WORLD HEALTH ORGANIZATION
WHAT IS THE ISSUE?
Since its founding, the WHO has been mandated to support countries to detect, prevent and control possible outbreaks and health emergencies. WHO has been at the centre of the Covid-19 response, continuously gathering and analyzing information, working with national governments, publishing guidelines, and calling for the global community to cooperate to get the pandemic under control. At the same time, in Covid-19 as well as past health crises, it has been heavily scrutinized for its technical recommendations, operational performance and political decisions. Covid-19 has brought to light serious limitations the organization faces to fulfill its mandate. Its tools of persuasion are largely limited to diplomacy and epistemic authority, and lack the binding power of hard law. Its funding is also unstable: more than 80% of its budget comes from voluntary contributions, which funders can withdraw or reduce at will. This can limit WHO’s political space to take actions opposed by a Member State even when in the broader interests of global public health, and may also impede rapid responses to a health emergency.
WHAT WAS DONE BEFORE COVID-19 TO ADDRESS THIS ISSUE?

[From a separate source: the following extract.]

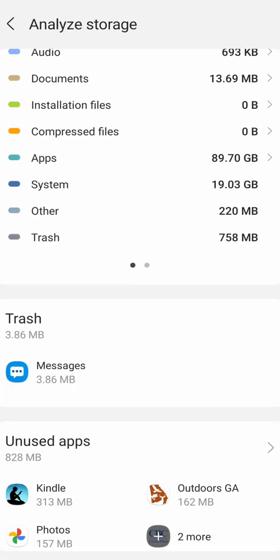When you delete pictures or videos it's going to go to the trash and when it goes to the trash it's still taking up memory, it's taking up space on your phone. So always go to the trash and sometimes when you delete it it doesn't go to it right away so always check back.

Debates on WHO are longstanding. Following the 2014 West African Ebola crisis, the organization became the focus of multiple reform efforts focused on strengthening its operational capacity. Among them was the creation of the Health Emergencies (WHE) Programme in 2016 to assist countries with outbreak preparedness and response, which also included an Independent Oversight and Advisory Committee as an accountability mechanism. In addition, WHO elevated health emergencies as one of its three priorities in 2019. A Contingency Fund for Emergencies (CFE) was created to make funds readily available and allow WHO to respond quickly to threats. These mechanisms did not, however, address its vulnerable funding situation, nor did it bolster the organization’s autonomy from the political pressures of its Member States.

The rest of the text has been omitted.